The Supreme Court directed the state to pay a total of Rs. 100,000 to a mother and her daughter who were wrongfully arrested and detained by the police on a false complaint.
Justice Prasanna S. Jayawardena, concurring with justices Eva Wanasundera and Nalin Perera in his judgment, observed that Sri Lankan law did not envisage an offence only if some offence or nuisance, as is recognised by law, is committed in the course of such an exercise.
Petitioners Swarna Manjula (daughter) and Henalage Rosaliya (mother) filed their fundamental rights violation petition citing the Kekerawa Police OIC Pushpakumara and Acting OIC Ratnayake, IGP, Attorney General and two others as respondents.
Saliya Peiris PC with R.D. de Silva appeared for the petitioners. Deputy Solicitor General Varunika Hettige appeared for the respondents.
The petitioners are Jehovah’s Witnesses, a Christian denomination which differs from the doctrines of mainstream Christian churches. It has over 6,000 members in Sri Lanka forming more than 100 congregations.
The petitioners stated that they were arrested in the course of one of their public ministries in February 2014 during their home visit to the village of Kottalbadda while 25 people gathered there and berated the petitioners for “attempting to forcefully convert persons for monetary gain and selling religion for money”.
They lamented that the complainants, who were outsiders of the said premises, lodged the complaint under the dictation of two police officers alleging that the petitioners forcibly entered the premises and carried out religious conversions.
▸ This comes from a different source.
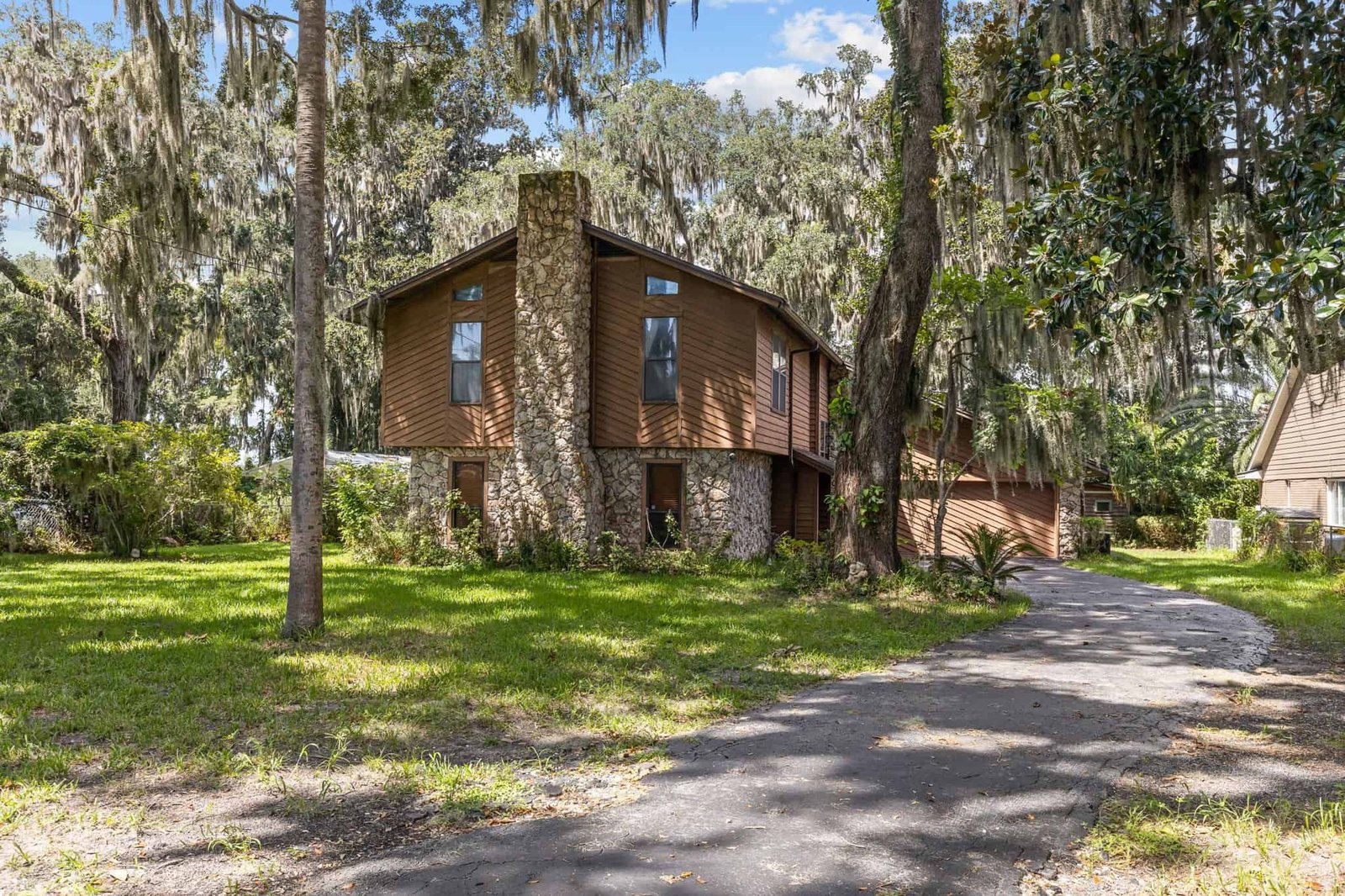 3328 State Road 13 N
They stated they were arrested on the basis of the complaint on suspicion of the offences of criminal trespass and criminal intimidation.
Court observed the deliberate falsehoods go to the root of the OIC and the Acting OIC’s case and gravely impugn the credibility of the positions taken by them and that they had sought to misrepresent the arrest and detention of the petitioners.
Court noted that Article 14(1)(e) of the Constitution confers the freedom to manifest one’s religion or belief in worship, observance, practice and teaching and to do so either alone or with others and in public or private.
Court also noted the word ‘religion’ was hard to define and that it could mean different things to different people and as a result there had been an interesting philosophical, philological and etymological debate among scholars on what the word meant.
It took note that the word ‘religion’ is used in Article 14(1)(e) in its modern day context of meaning a particular system of beliefs – either belief in an essentially non-theistic doctrine and its aligned code of living which achieves one’s spiritual, mental and material development or a theistic belief in a divine being or divine beings to be worshipped and obeyed. Court held the fundamental rights to equality and equal protection of the law as well as the freedom from arbitrary arrest had been violated by the OIC and the petitioners were entitled to compensation for the wrongful arrest and detention they were forced to undergo and for harassment and directed the State pay the petitioners Rs. 50,000 each as compensation.